◆ DESCRIPTION OF THE TASK ◆
For this exercise, please transcribe exactly and only the lines from the one containing "Cooling Fan For" through the end of the material, both ends included, without pictures.
BEGIN
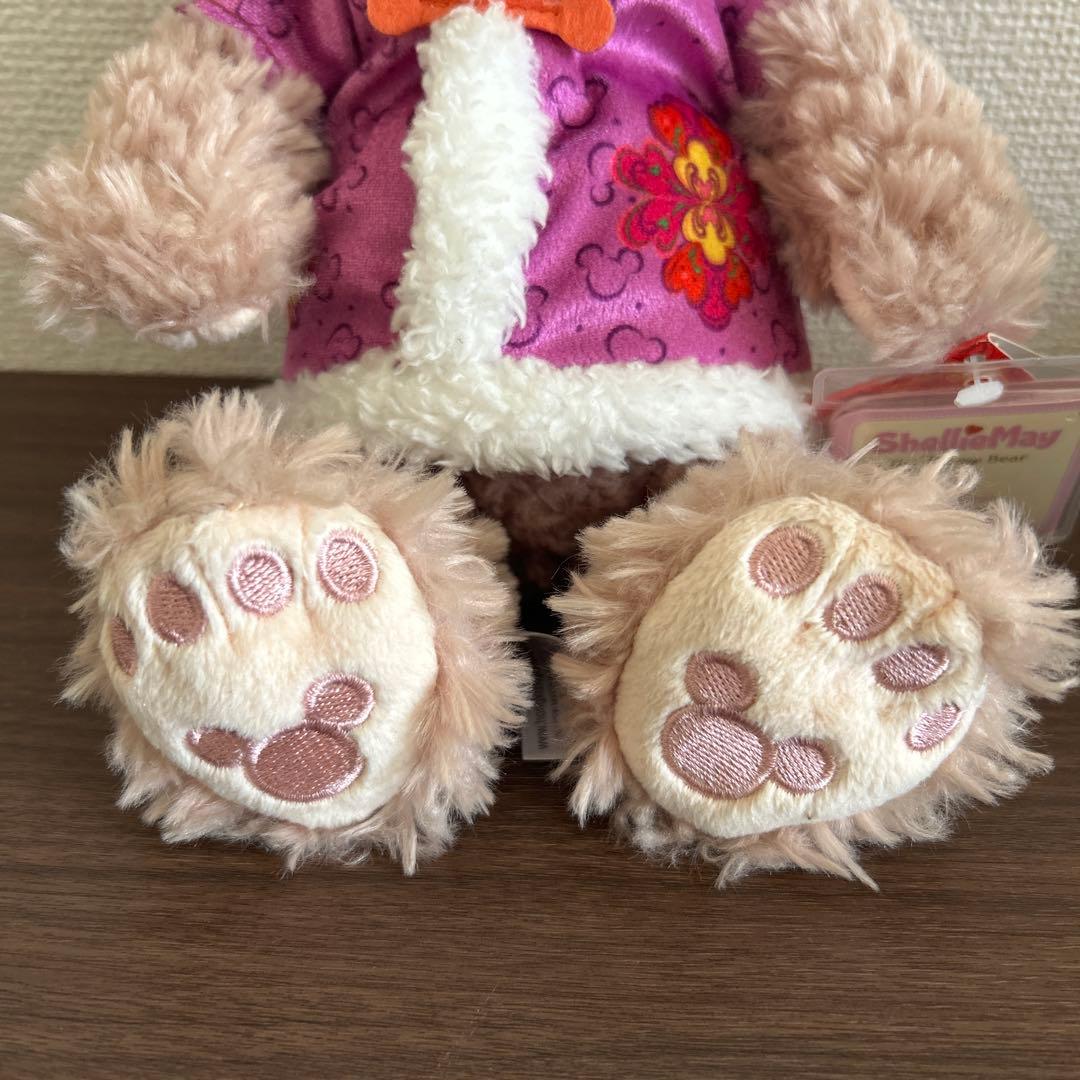 タグ付き】香港ディズニー限定 シェリーメイ ぬいぐるみ SS 旧正月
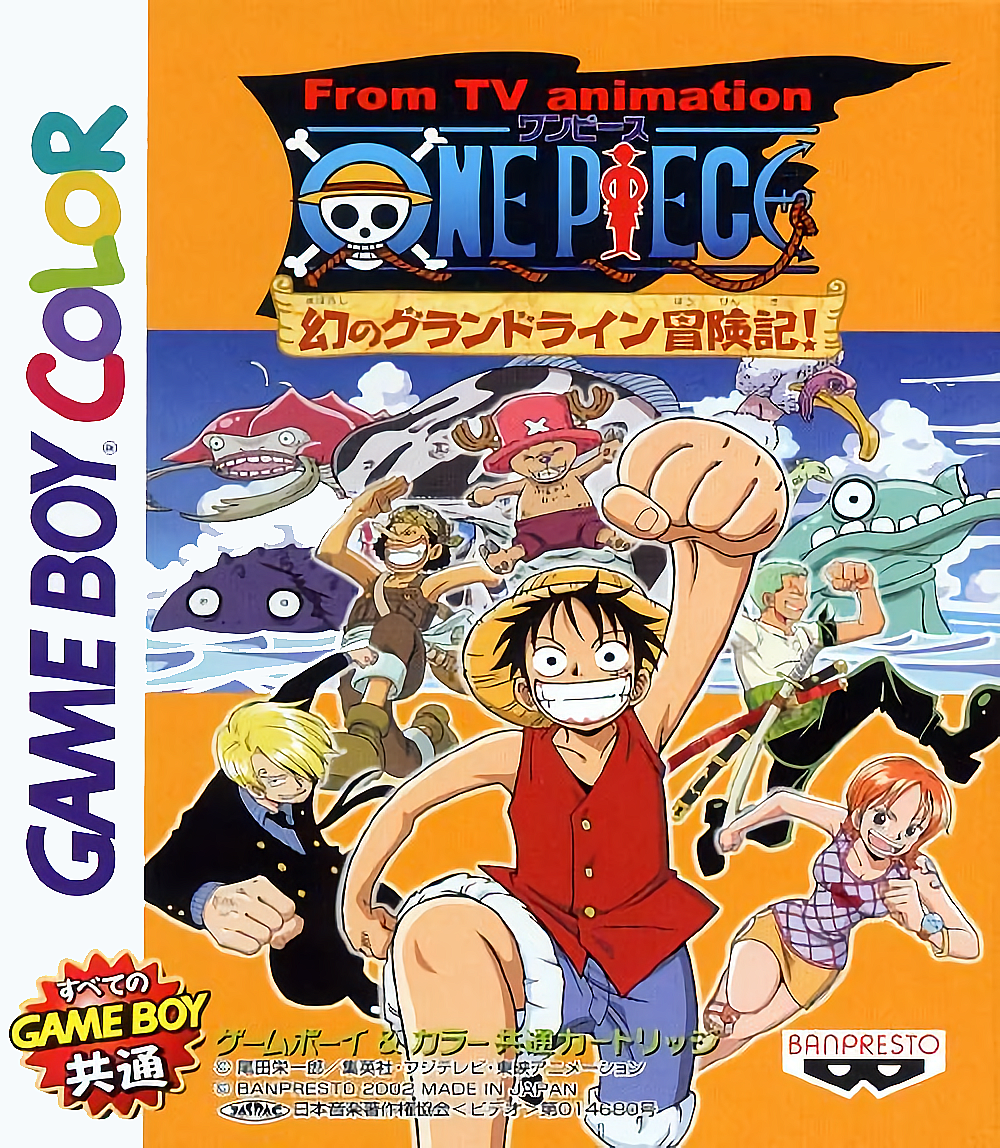 From Tv Animation One Piece - Maboroshi No Grand Line Boukenki! box art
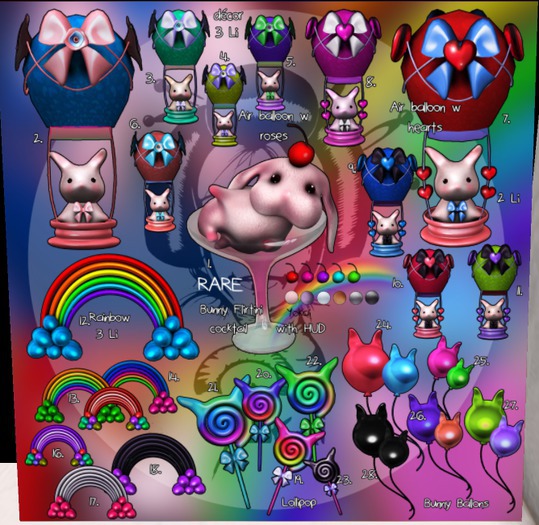 13.Yokai - Saccharin - Rainbow [green]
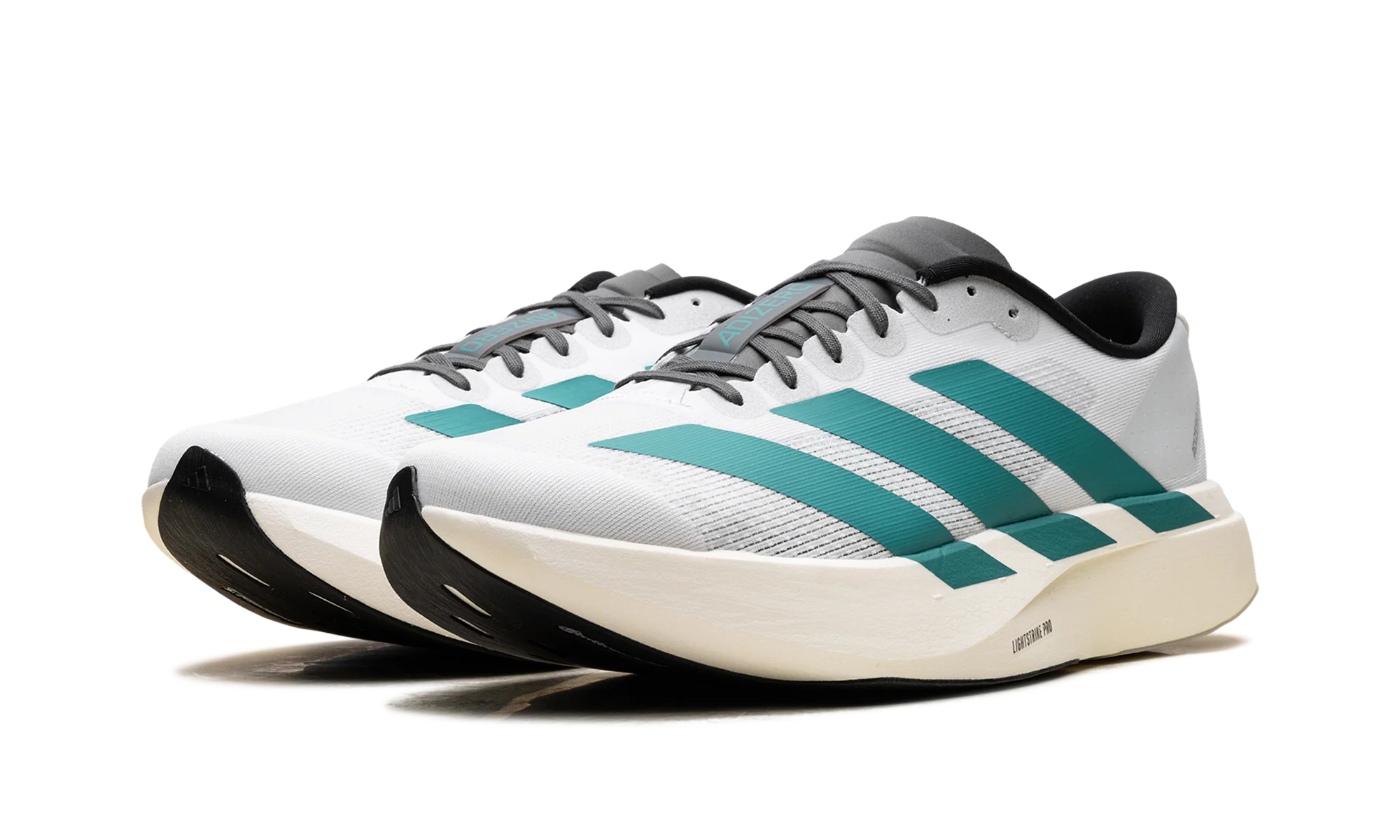 adiZero EVO SL "White Pure Teal" JS4487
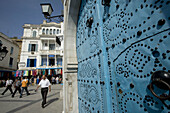 TUNIS. MEDITERRANEAN ARCHITECTURE IN CAPITAL TUNIS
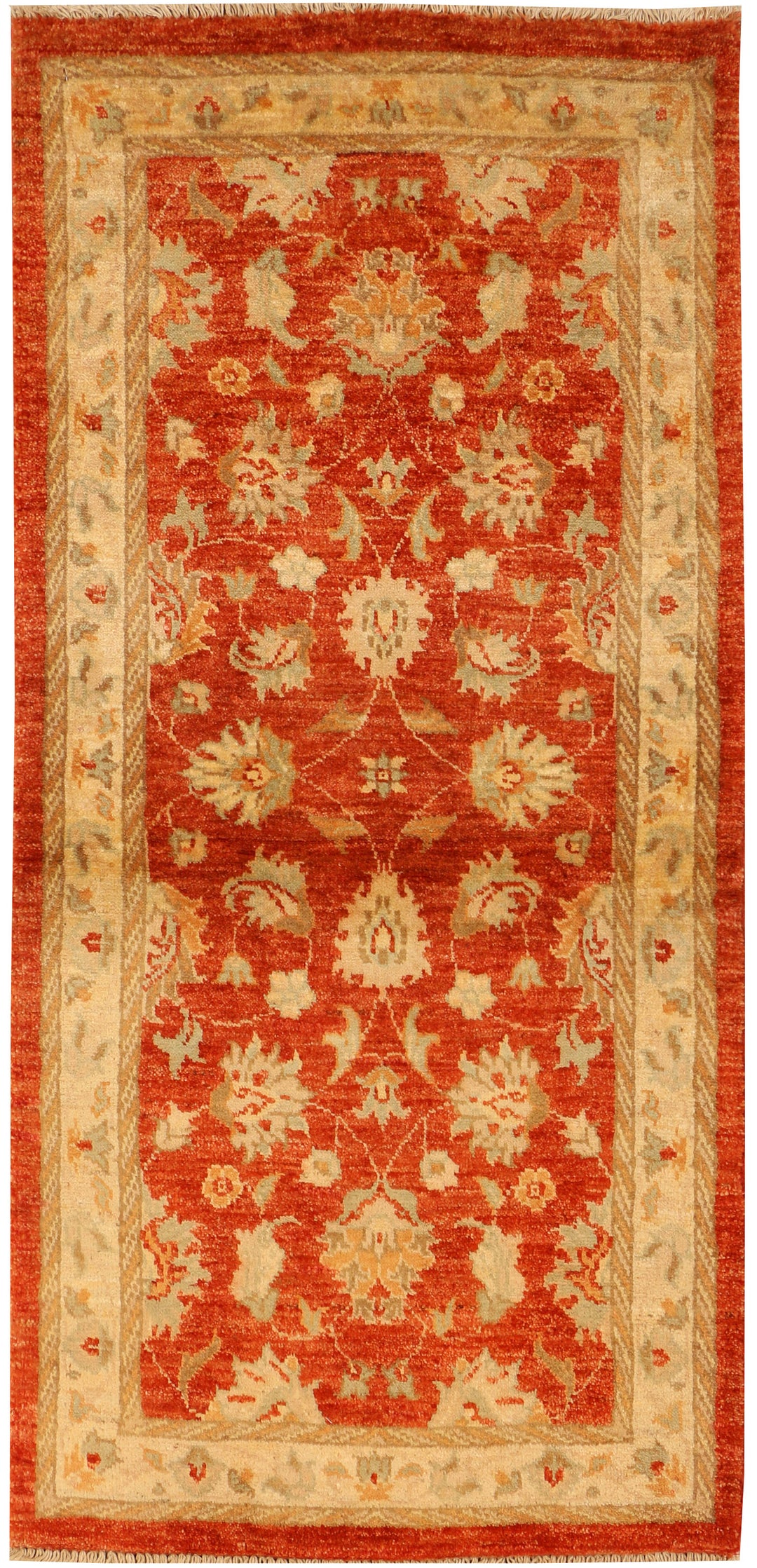 Brown Ziegler 2' 2 x 4' 8 - No. 38168 - ALRUG Rug Store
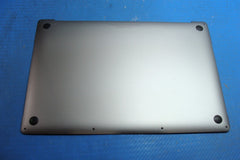 MacBook Pro A1707 15" Late 2016 MLH32LL/A Bottom Case Space Gray 923-01456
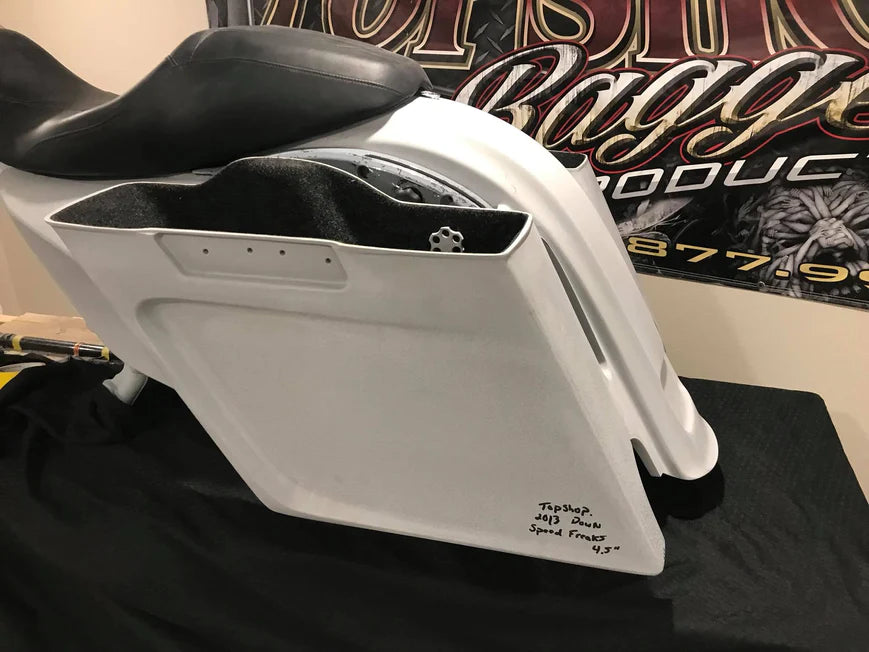Top Shop Baggers 13 & down Speed Freak CVO Style Kit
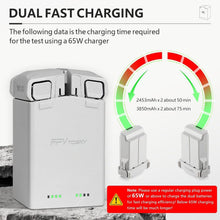 Load image into Gallery viewer, Lightweight Charging Hub for DJI Mini 4 Pro/Mini 3 - Dual Batteries Supported
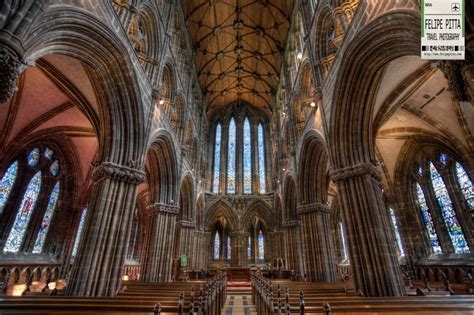 The stunning interior of Glasgow Cathedral in Scotland » Felipe Pitta ...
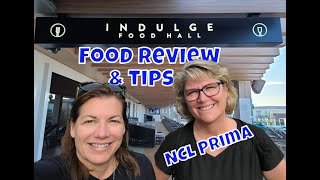 Indulge Food Hall great new concept on Norwegian Prima cruise ship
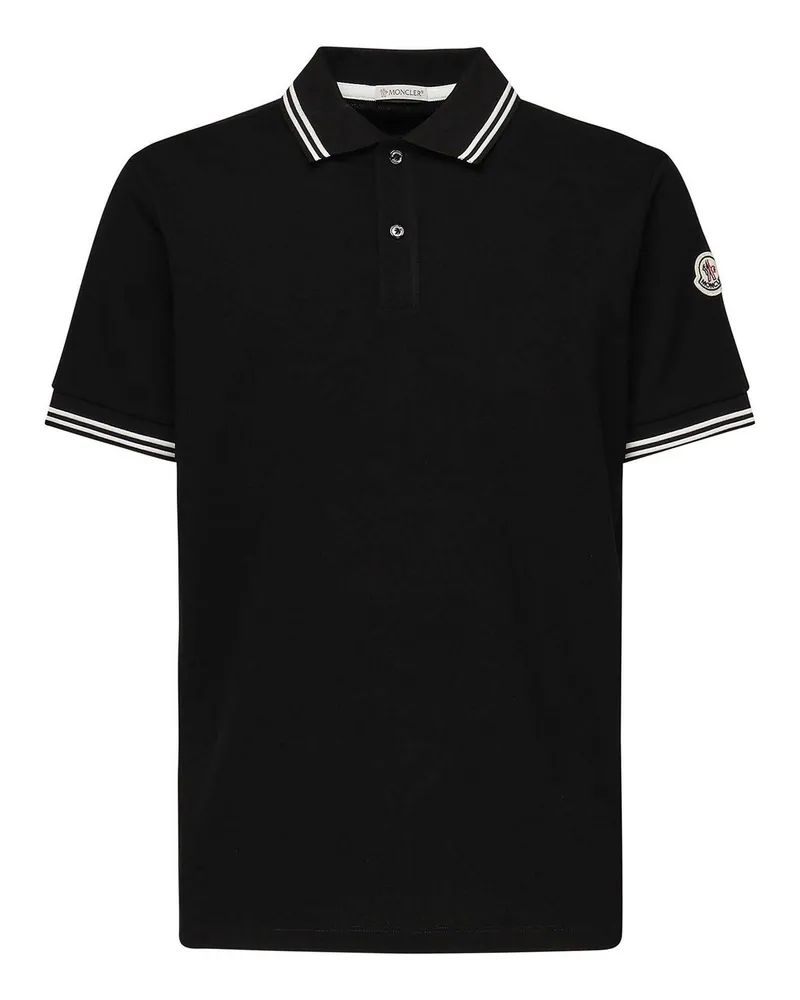 Moncler Poloshirt - Schwarz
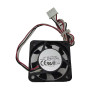 Cooling Fan For DELTA EFB0412MA-I605 40*40*10MM DC12V 0.09A 3lines New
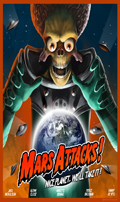Mars Attacks! es projectarà este diumenge en el Mario Monreal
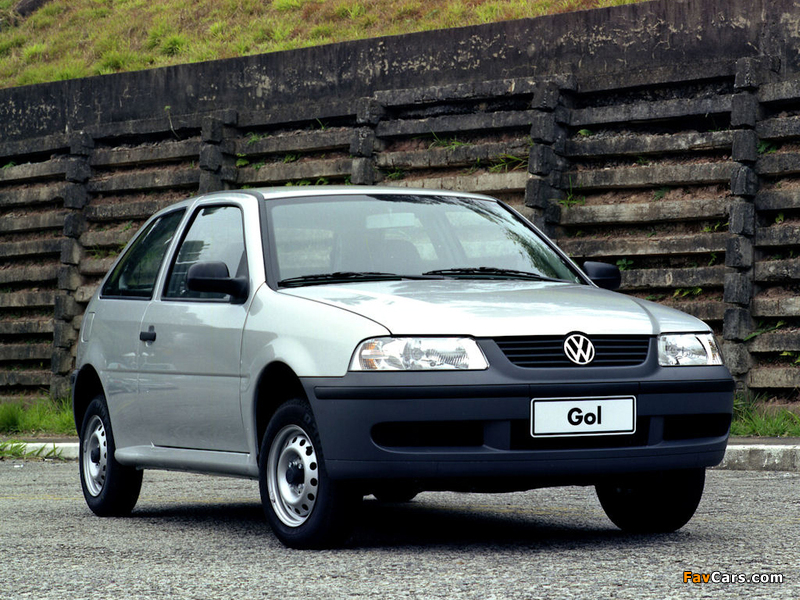 Volkswagen Gol City 3-door 2004–05 photos (800 x 600)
END
◆ ANSWER ◆
 Cooling Fan For DELTA EFB0412MA-I605 40*40*10MM DC12V 0.09A 3lines New
Mars Attacks! es projectarà este diumenge en el Mario Monreal
 Volkswagen Gol City 3-door 2004–05 photos (800 x 600)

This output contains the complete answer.